Addio Bruno!

Giovedì 3 aprile. Una sera come tante, una riunione come tante, direttivo della federazione romana del Prc. Poco dopo le 10 di sera siamo alla replica finale, che risponde alle riflessioni, alle critiche, alle proposte di compagne e compagni. E’ intervenuto anche Bruno Pagnozzi, responsabile delle Feste di Liberazione, e ora ascolta con un viso serio e intento che di colpo si contrae, mentre il corpo si rovescia sulla sedia. Dopo pochi, febbrili, minuti, di Bruno restano un corpo inerte, due occhi senza luce e intorno a lui il silenzio dello sgomento, rotto da singhiozzi soffocati. Incredulità dapprima, rabbioso rifiuto di una morte che ci appare ingiusta, assurda, mentre in ognuno di noi irrompono ricordi di tanti anni fa, di poche ore fa.
L’ho conosciuto ragazzo, alle case popolari del Tufello dove sua madre organizzava riunioni di donne per il PCI. Era un comunista pronto a mettere in atto ogni direttiva senza rinunciare a capirne e a discuterne le ragioni, abituato già a compiere scelte meditate, pagandone i prezzi. Scelte impegnative come l’impegno nel sindacato braccianti della Cgil, difficili come la permanenza in Campania. Bruno: uno dei mitici “costruttori del partito”. Scelte dolorose come il distacco dal PCI, pericolose come la partenza per il Nicaragua, ancora minacciato dai “Contras”, subito dopo la Rivoluzione sandinista.
Poi, l’apertura di un locale:La Puerta del Sol. Poteva sembrare un ripiegarsi, una rinuncia alla lotta, in realtà era soltanto un altro luogo e un altro modo di fare politica, ora con Democrazia Proletaria: nelle salette affrescate si incontravano tutte le componenti, tutti i soggetti, tutte le nazionalità della sinistra per discutere di Terzo mondo e di immigrazioni, di cultura alternativa e di lotta di classe, si tirava tardi con sindacalisti e intellettuali, lavoratori emarginati e c’era sempre un piatto di spaghetti e un bicchiere di vino per chi stava “al verde”.

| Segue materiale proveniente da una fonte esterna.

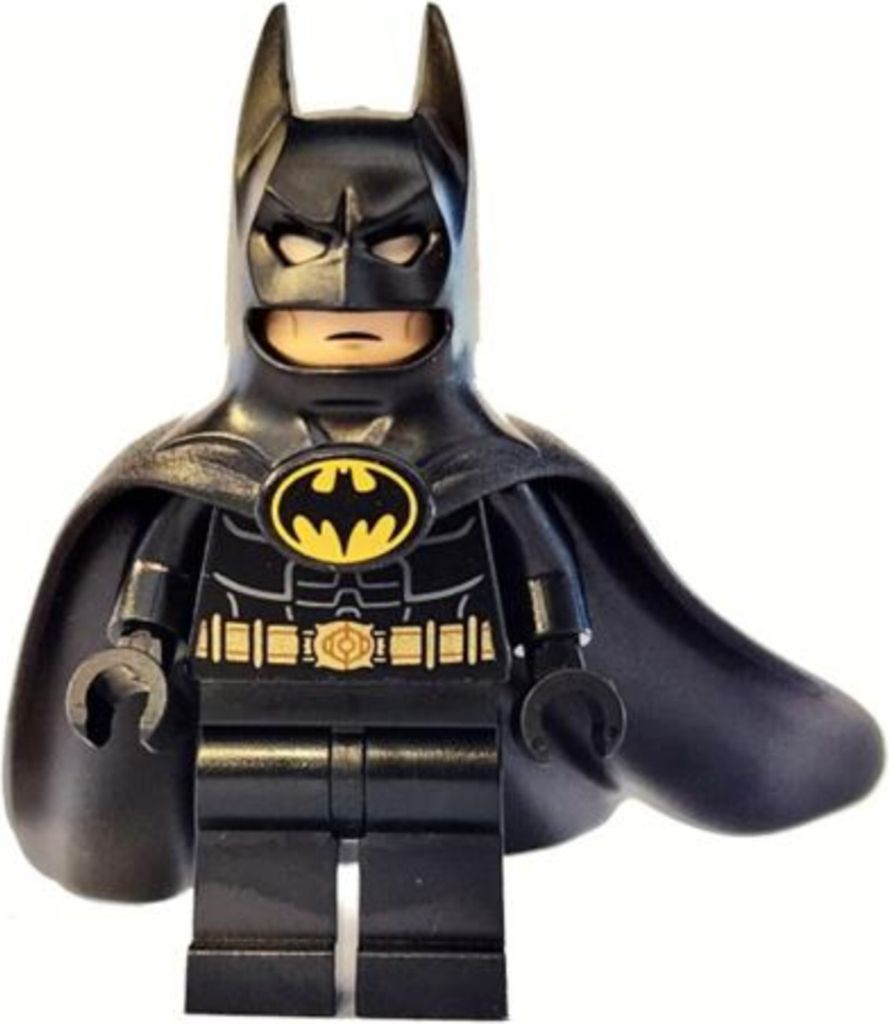 LEGO: Batman mit festem Cape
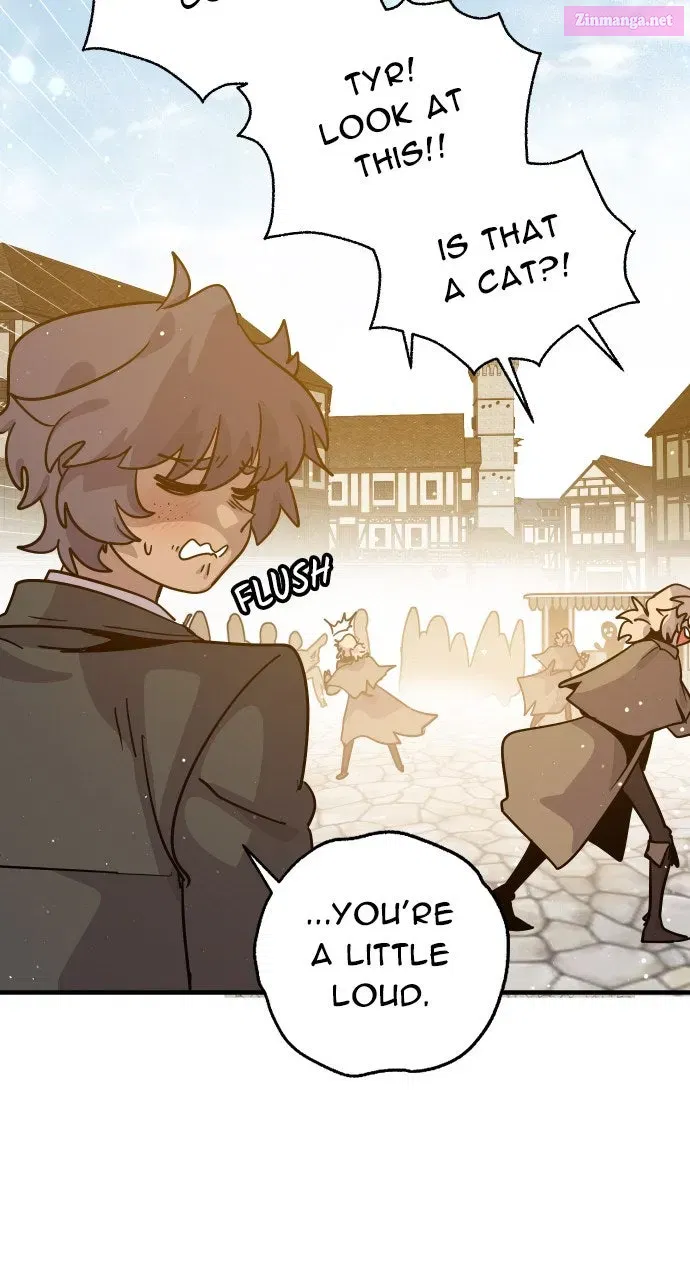 My Second Life is a Healing Life? Chapter 19 page 49 - 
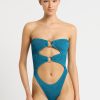 Women Bond-Eye One Pieces | Lana One Piece|Ocean Shimmer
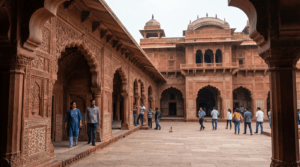 Agra Fort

Alla Puerta del Sol ci vedevamo dopo le riunioni di Rifondazione. Bruno si era iscritto subito senza esitazioni né dubbi e senza lesinare critiche e alla militanza comunista a tempo pieno aveva finalmente, con gioia, potuto dedicarsi vendendo il locale.
Gli ultimi, pochi, sono stati anni felici, di impegno politico, di amore con una compagna che condivideva i suoi ideali e il modo di intendere la vita, con tante amicizie vissute con una generosità totale e spontanea che gli faceva considerare strano ogni ringraziamento al quale replicava stupito: “Ma io cono un comunista!”
La sua militanza critica lo aveva portato a un’altra scelta meditata: il voto e il sostegno ai nostri emendamenti all’ultimo Congresso. Una scelta serena vissuta senza chiusure né astio.
Ho vissuto gli ultimi anni lavorando, discutendo, ridendo con Bruno, la sua compagna, i giovani ai quali dava preziose lezioni di vita senza mai atteggiarsi a ma-
estro.
Forse è per questo che davanti ai miei occhi continuamente si sovrappone all’immagine del volto e della voce del Bruno di tanti anni e di poche ore fa – con il suo accanimento ad approfondire tutto, le sue immediate soluzioni pratiche, la sua allegra ironia, la sua passione totale – quella del suo corpo immoto che un compagno ha coperto con la nostra bandiera.
Comincio a capire che un comunista può lasciarci così, dopo aver dato il suo piccolo e grande contributo a quel lavoro ambizioso e straordinario che tutti noi vogliamo finire.